The optimistic market mood spilled over to Europe, with Eurostoxx 50 futures, Germany's DAX futures and French CAC 40 futures up between 1.2 and 1.4%.
Oil prices crept above $101 a barrel, supported by fears Hurricane Ike could disrupt U.S. production, but crude remained on course to fall below the psychologically important $100 level, especially with the euro falling to a one-year low against the dollar this week.
Gains in bank stocks such as Mitsubishi UFJ Financial Group and South Korea's largest lender Kookmin Bank outpaced the broad indexes on optimism Lehman, whose shares plunged more than 40% on Thursday, would find a suitor by this weekend.

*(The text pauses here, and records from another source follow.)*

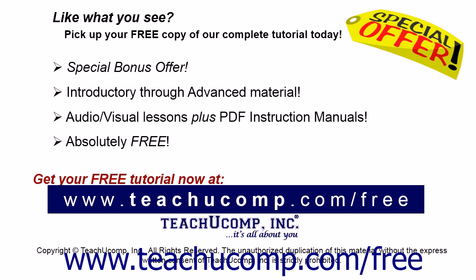Like what you see? Pick up your free copy of the complete tutorial at www.teachucomp.com forward slash free.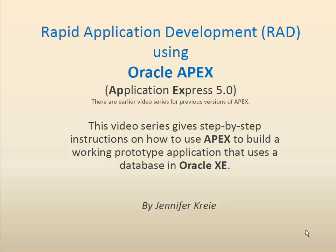This video is just one in a series of videos that show how to use Oracle APEX Application Express version 5 to build a prototype application based on a database in Oracle XE.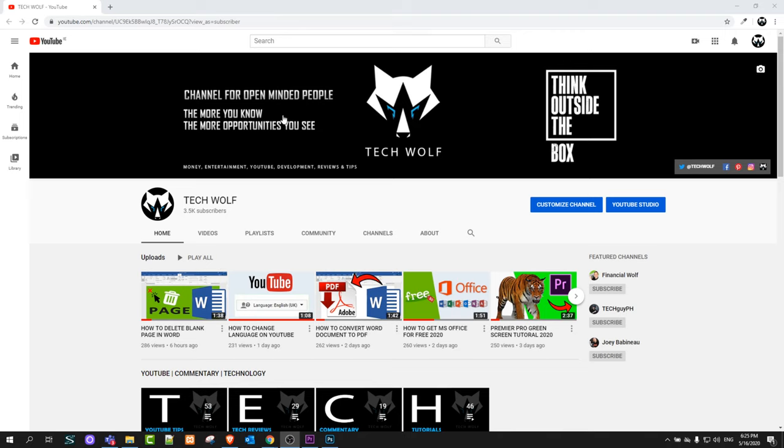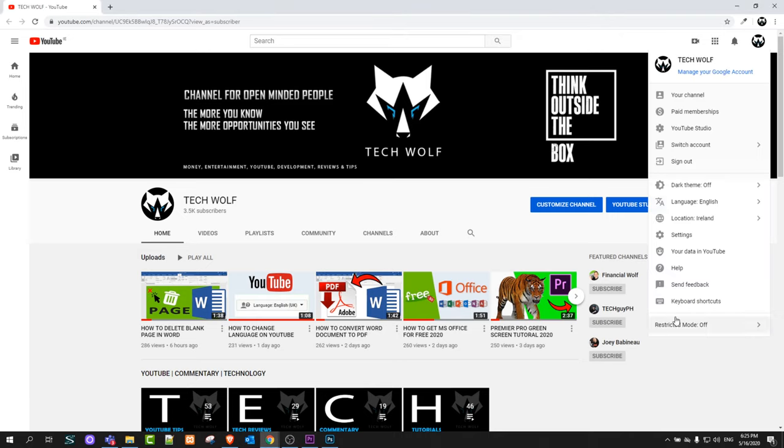First way is if you are here somewhere on YouTube, anywhere whether you are on homepage or on your profile, go to the right top corner to your icon and click on it. Here at the very bottom you will find the option restricted mode and currently as you can see it is off.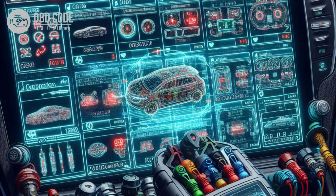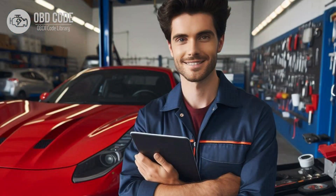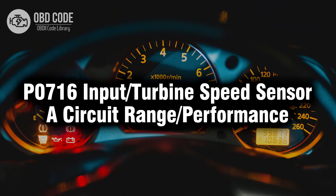5. Monitor the sensor circuit while the vehicle is running to identify any intermittent issues. Wiggle test the wiring harness and connectors to replicate the problem. 6. If other potential causes have been ruled out, consider consulting a professional technician or dealership for further diagnosis and repair. They may need to perform more advanced diagnostics using specialized tools. Thank you for watching this video, don't forget to leave a like and a comment, see you next time.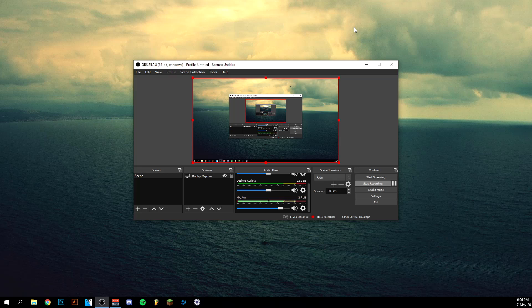Hey guys, welcome back to this brand new video. Today I want to show you how to fix the encoding overloaded problem in OBS. At the end of this video I'll show you what I did to fix my own problem with the encoding overloaded, but I'm going to go through all of the solutions to show you what to actually fix it.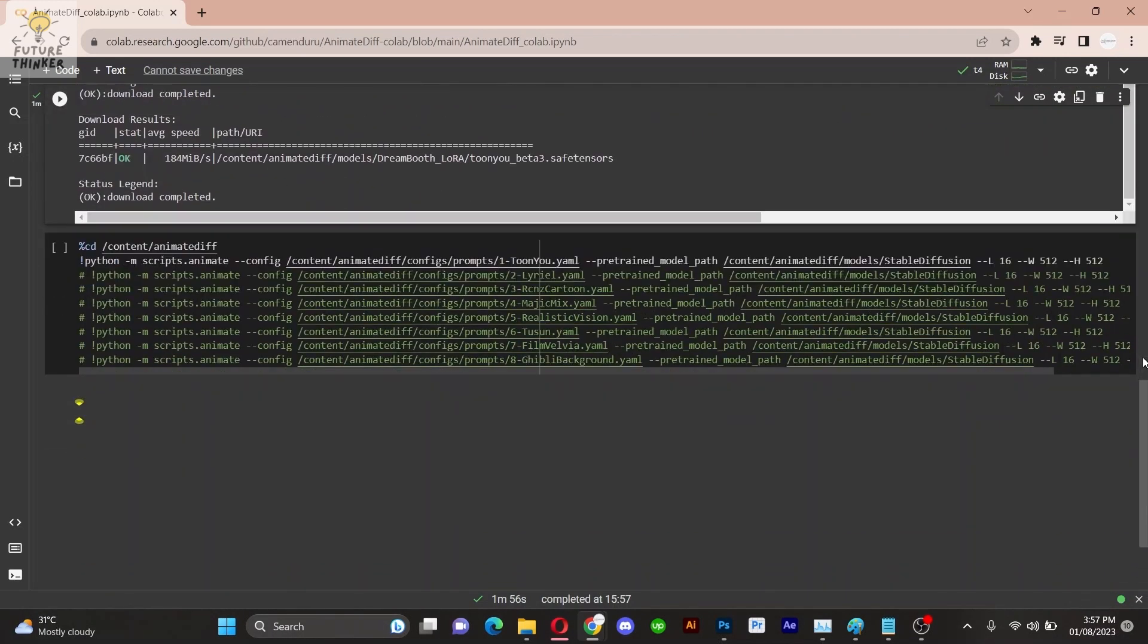Now simply click run for the first cell. After the first cell is done, you will see the second cell right below it.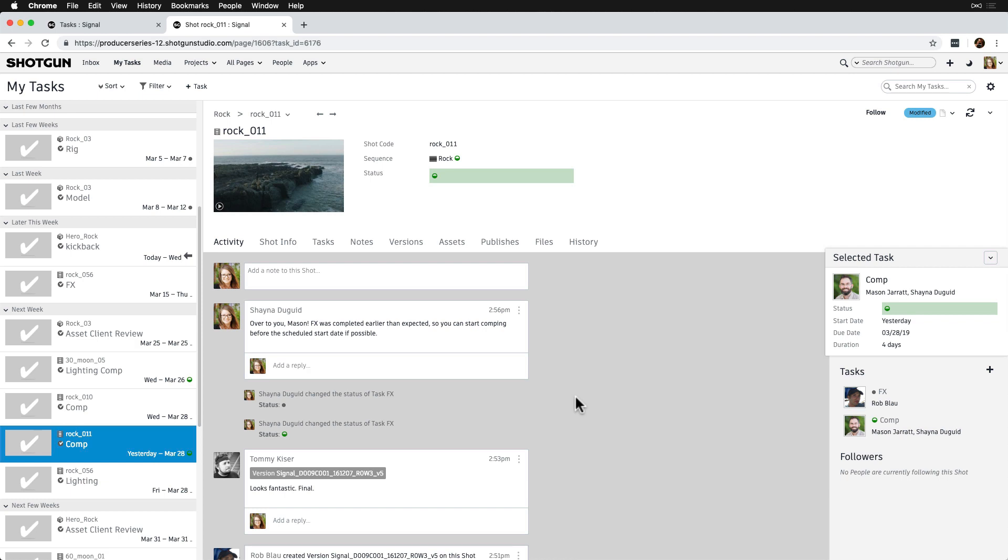By default, on the My Tasks page, when a task is selected, it will show us the task's linked entity in the detail pane.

The U.S. Treasury and the Federal Reserve are reportedly engineering the sale of Lehman through a consortium of private firms, the Washington Post said.
"We have reports about Lehman's buyout talks today, and that is positive because that means the number of ailing entities will decrease through an industry realignment," said Masaru Hamasaki, senior strategist at Toyota Asset Management in Tokyo.

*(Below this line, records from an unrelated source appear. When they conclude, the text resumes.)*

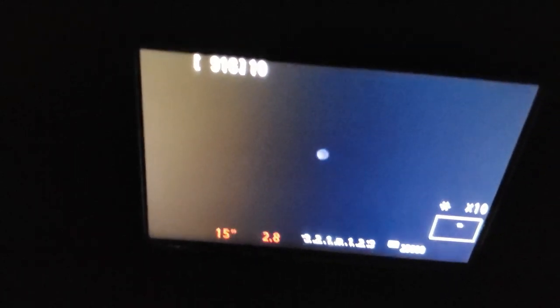There we go. Let's see if we can get it in the middle of the screen here. Now I have to turn my focus wheel until that star is as small as it possibly can be. That's too much. Oh man, this is such a process. But we're going to get it.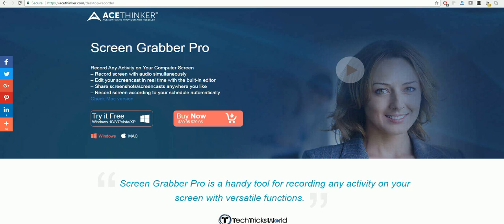Hello and welcome to a video tutorial on how to record YouTube live. The first program we will be using for this is Screen Grabber Pro from AceThinker.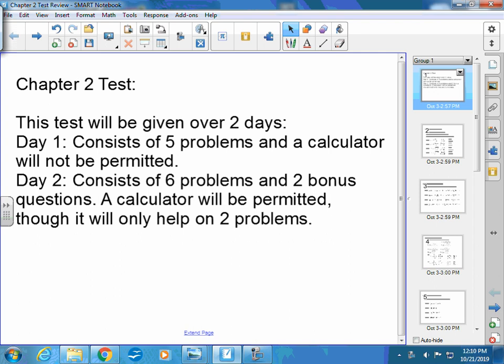This is Chapter 2 test review, Day 1. The test is given over two days — Day 1 on Tuesday, Day 2 on Thursday. Day 1 consists of five problems, though one has parts A, B, and C. A calculator is not permitted on Day 1. Day 2 consists of six problems and two bonus questions; a calculator is permitted but only needed on two problems.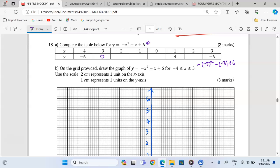Then do the same for the other values. At negative 2, we get 4. At negative 1, we get 6. At 0, we get 6. At 1, the value is already provided — it's positive 4. At positive 2, we get y equals 0. At 3, we get negative 6, which is already on the table.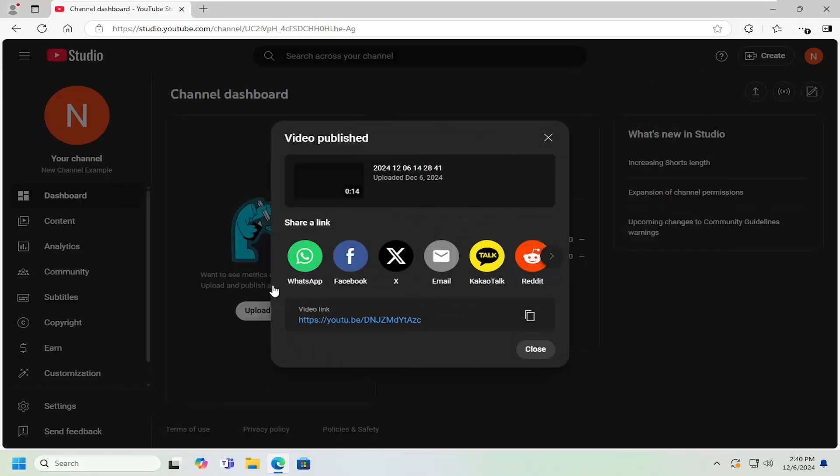Once you're done with that, you can share the link. If they're not signed into your account and it's unlisted, they will be able to access it, assuming it's an unlisted video and not a private video.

Japan's Nikkei share average finished up 0.9%, rebounding from a six-month low.
The MSCI index of other Asia-Pacific stocks climbed 1.3% after closing at its lowest since October 2006 on Thursday.
South Korea's KOSPI rallied 2.4%, led by shares of Samsung Electronics Co Ltd and POSCO, the world's No. 4 steelmaker.

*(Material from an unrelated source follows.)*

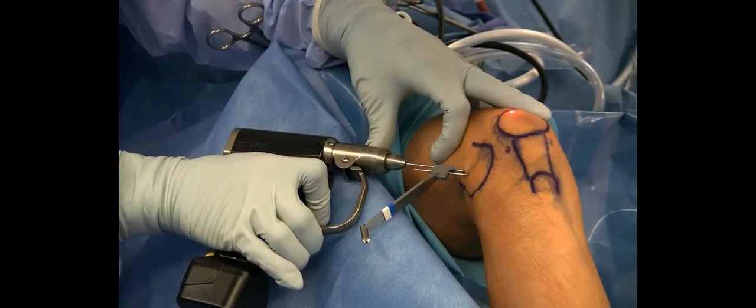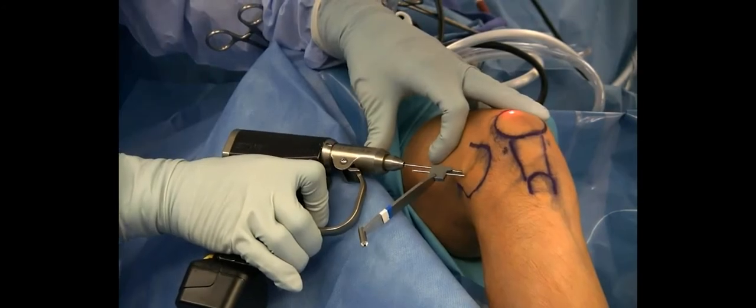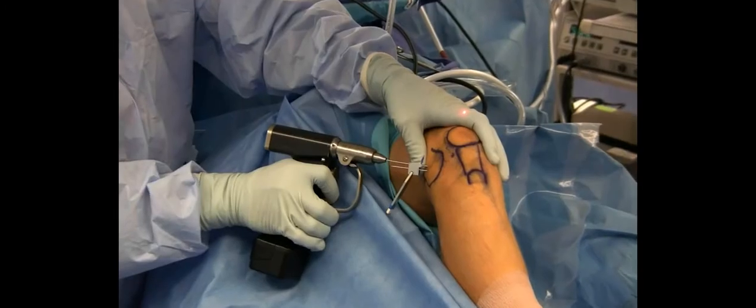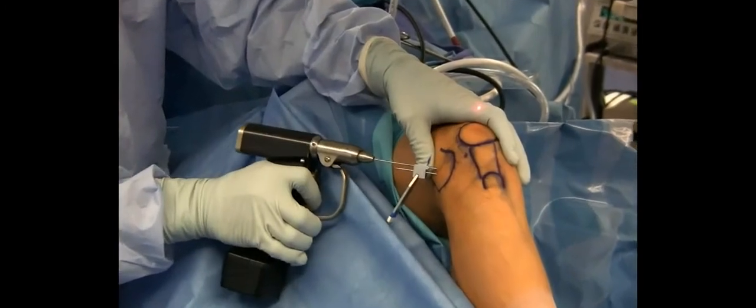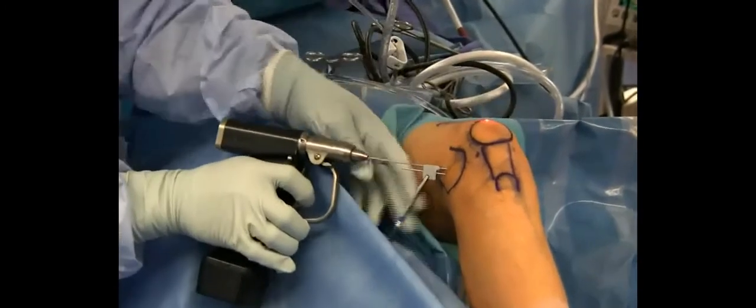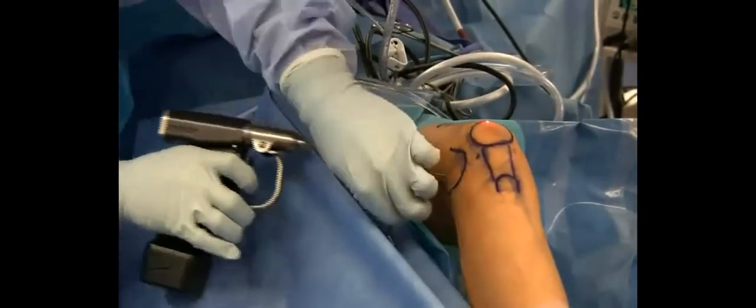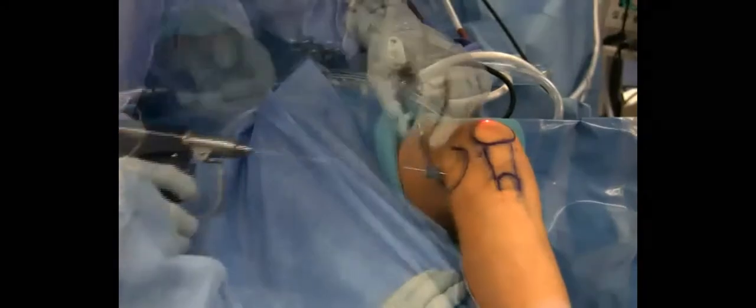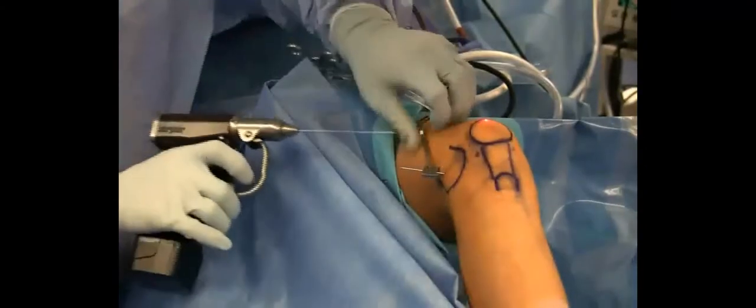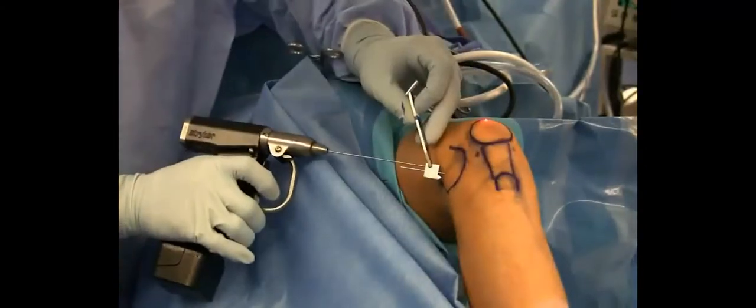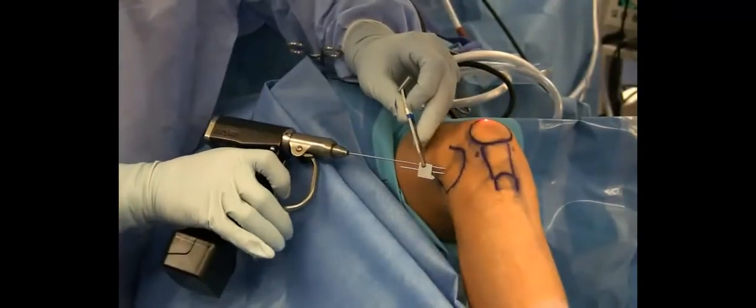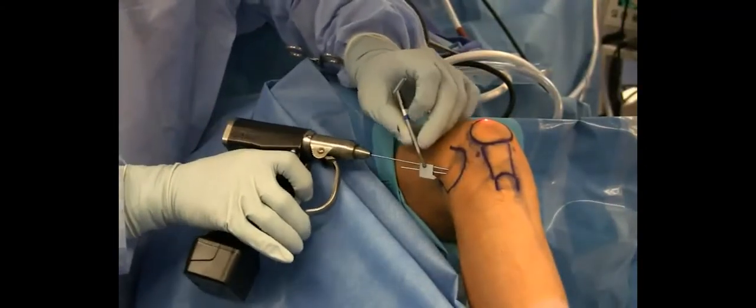Here we are with the K wire advanced to the sclerotic rim. We then advance the K wire through the sclerotic rim and into the subchondral bone. We then use the offset guide to circumferentially drill around the first wire.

Major Asian markets will be closed on Monday for holidays.
Many investors were in wait-and-see mode ahead of any developments with Lehman, though in the thick of the financial crisis, any progress has usually been followed with signs of trouble at other institutions.
Indeed, Washington Mutual Inc, the largest U.S. savings and loan, was downgraded on Friday to below investment-grade status by Moody's Investors Service, which cited constraints to tapping capital markets.
Impatience with the financial sector's persistent problems as well as a global economic slowdown that hit Europe and Japan hard has led to a reduction in risk taking in just about every asset class. This so-called deleveraging boosted to the U.S. dollar as U.S. investors bring some money back home from abroad.
U.S. CURRENCY ATTRACTS INVESTORS
Institutional investors in particular have been ploughing money back into the dollar.
In the last month, cross-border flows into the dollar have been in the 94th%ile, meaning they have been higher only 6% of the time, according to State Street Global Markets, which tracks 15% of the world's tradeable assets.
In the wake of U.S. bailout of government sponsored enterprises (GSEs) Fannie Mae and Freddie Mac this week, analysts at State Street expect foreign central banks to continue to add to their immense foreign exchange reserves and recycle the proceeds into Treasury debt.
"The GSE bail out adds a whole new dimension to global imbalances. It is also perhaps no coincidence that the one asset that has been rising in recent days is the U.S. dollar," they said in a note.
The euro was largely unchanged at $1.4015 after hitting a one-year low around $1.3880 the prior session.
The dollar was slightly higher against the yen, at 107.30 yen.
However, the euro edged up 0.1% to 150.37 yen after tumbling to a two-year low on Thursday.